Friday, 25 March 2016

Nicholas Ray

There is a peculiar restlessness to the films of Nicholas Ray, and a strong, unsettling undercurrent of violence and neurosis, in the style as well as in the characters. The struggles and the anxieties within the characters leak out and affect the mise en scène, turning every space into a potential battlefield. And that violence is frequently acted out against objects. Chickamaw crushing Christmas ornaments with his hands in They Live By Night (1949), Jim assaulting an office desk in Rebel Without a Cause (1955), Rico Angelo shooting at a photograph of Jean Harlow in Party Girl (1957).
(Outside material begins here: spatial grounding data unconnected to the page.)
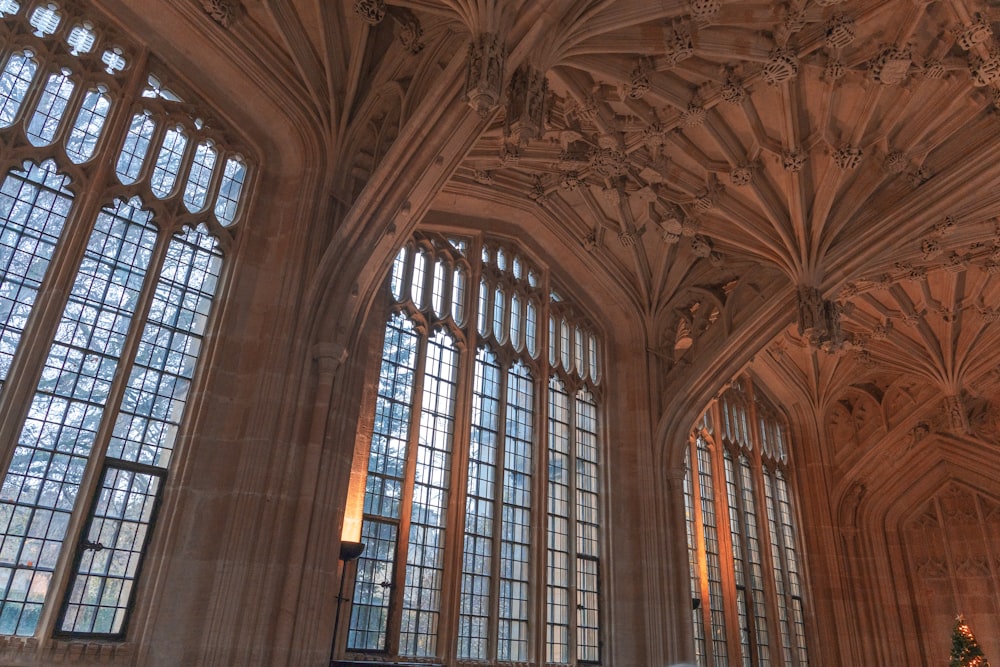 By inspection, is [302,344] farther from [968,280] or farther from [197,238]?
[968,280]

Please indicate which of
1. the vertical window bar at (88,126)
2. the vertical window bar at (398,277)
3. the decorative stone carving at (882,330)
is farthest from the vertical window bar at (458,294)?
the decorative stone carving at (882,330)

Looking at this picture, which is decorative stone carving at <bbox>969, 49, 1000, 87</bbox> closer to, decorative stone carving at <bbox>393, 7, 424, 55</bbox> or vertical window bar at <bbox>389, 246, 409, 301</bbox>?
decorative stone carving at <bbox>393, 7, 424, 55</bbox>

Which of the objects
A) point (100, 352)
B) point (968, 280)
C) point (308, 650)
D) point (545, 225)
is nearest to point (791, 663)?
point (968, 280)

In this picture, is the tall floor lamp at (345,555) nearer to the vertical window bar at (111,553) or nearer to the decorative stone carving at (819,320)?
the vertical window bar at (111,553)

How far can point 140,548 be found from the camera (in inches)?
276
His characters are all on dangerous ground, living by night in lonely places, and if they win their victories are bitter.

Ray had ten good years, 1949 - 1958, and although he struggled a lot, not least with himself, there is an abundance of truth and beauty there. Films of great sadness and hopelessness but tinged with compassion and poetry; even though love cannot last it was still sweet while it lasted. "I was born when she kissed me, I died when she left me, I lived a few weeks while she loved me."

Patrick McGilligan's description of The Lusty Men (1952), my favourite among Ray's films, is apt for most of his work. "Plot and genre conventions had gradually been shaved away in the scripting process; the episodic nature of the story reflected Ray's ruminative personality, its plotting was secondary to the character studies and emotional landscape."